Le blockbuster de l’été pulvérise tout sur son passage. Del Toro signe un rêve de gosse qui nous fait nous-aussi retomber en enfance. Un film « monstrueux » et dantesque.

L’été, c’est chasse gardée de Hollywood dans les salles obscures. Si peu de films d’auteur ou non-américains sortent durant cette période, c’est tout simplement parce que c’est là que sortent les plus gros blockbusters made in USA. Et est-il réellement possible de rivaliser ?
Difficile à y croire en se prenant la déflagration sonore et visuelle de Pacific Rim, le dernier bébé du génial Guillermo Del Toro (réalisateur des Hellboy, Labyrinthe de Pan et autres L’Echine Du Diable, producteur du génial Mamà et L’Orphelinat…)
Pourtant, quoi de plus basique et classique que le scénario de Pacific Rim ? Des créatures monstrueuses venues des entrailles des océans (les kaiju) ont réduit la planète à néant.

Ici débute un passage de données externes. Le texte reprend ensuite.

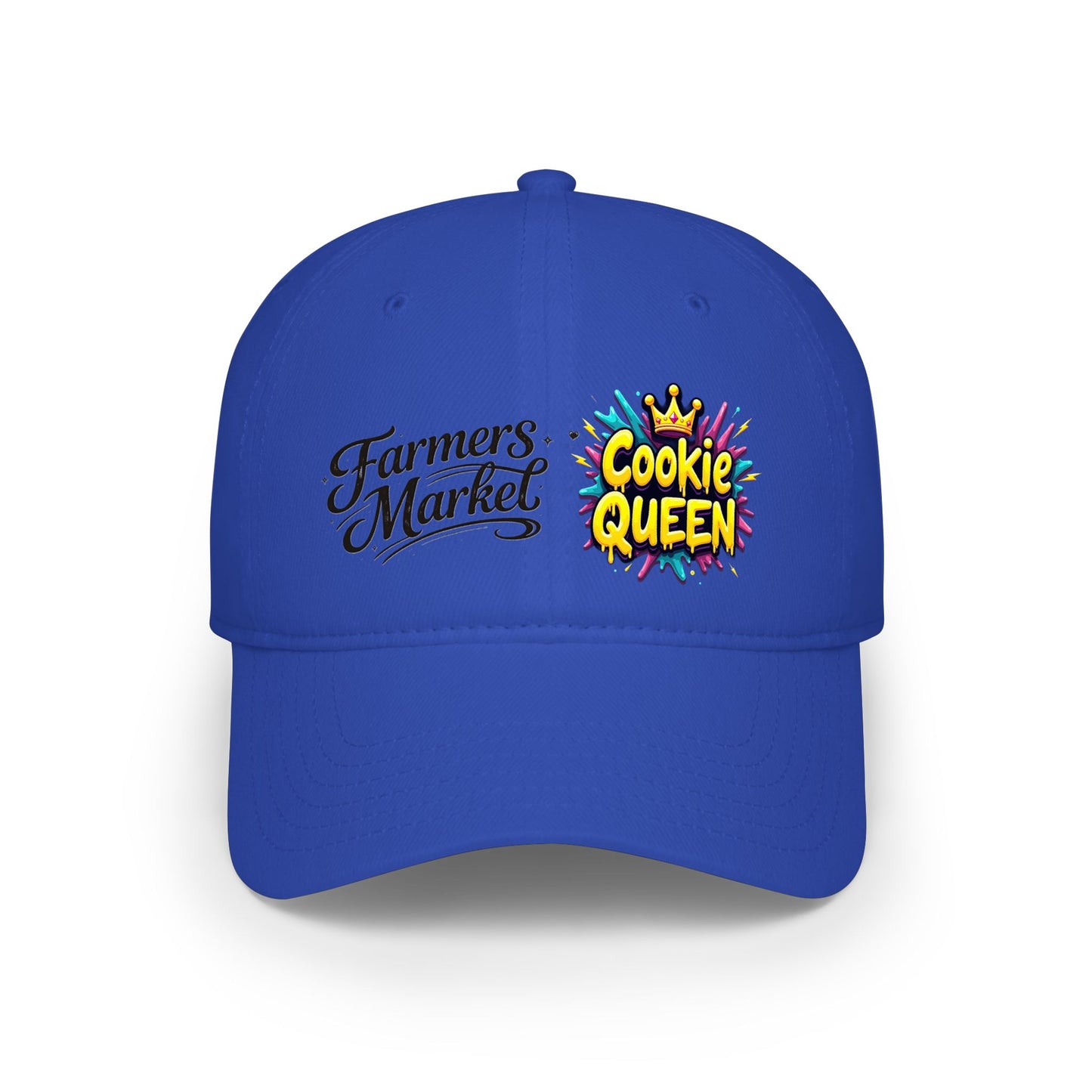 Cookie Queen Farmers Market Hat – Low Profile Baseball Cap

Seul moyen de les combattre ? Des robots géants pilotés par télépathie, les jaegers. Dit comme ça, il est certain qu’on a l’impression d’avoir davantage affaire à un fantasme de geek boutonneux et prépubère. Mais non.

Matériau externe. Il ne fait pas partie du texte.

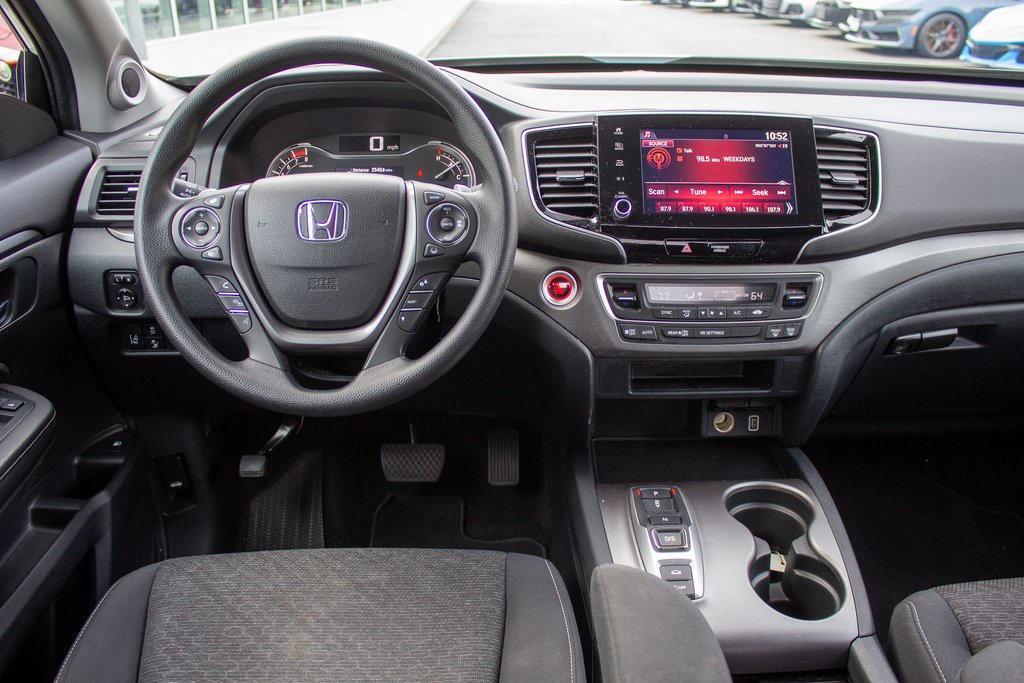 used 2023 Honda Ridgeline car, priced at $32,900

Pacific Rim est en fait un délice de science-fiction, monstrueusement rythmé : un véritable spectacle devant lequel n’importe quel spectateur retombe en enfance devant une telle magie visuelle ; le tout étant signé ILM (l’équipe ayant signé les effets spéciaux de Jurassic Park, Terminator…)
Avec ses effets spéciaux majestueux (*), le film de Del Toro est une orgie d’explosions, de destructions à grande échelle et de combats hallucinants. Grâce à une photographie parfaite et des mouvements de caméras fluides, le spectateur se retrouve bouche bée devant d’apocalyptiques duels entre des monstres de toute beauté (moitié dinosaure, moitié Godzilla) immenses comme un immeuble de 50 étages et des robots à l’esthétique digne des plus grands films de sci-fi.
Côté oreilles, c’est une rafale sonore quasi jamais-vue (ou plutôt entendue). De quoi exploser le sonotone de papy et vous décrasser les esgourdes à jamais.
Avec 200 millions de dollars de budget, Del Toro réalise son rêve de gosse (un film de monstres japonais) et signe un divertissement efficace, où l’on débranche son cerveau pour en prendre plein la vue et les oreilles (lui-même souhaitait faire « un film léger pour l’été »). En un mot ? DANTESQUE !
Aurélien Germain.
(*) à savoir que nous avons vu la version 2D mais que le film est aussi diffusé en 3D.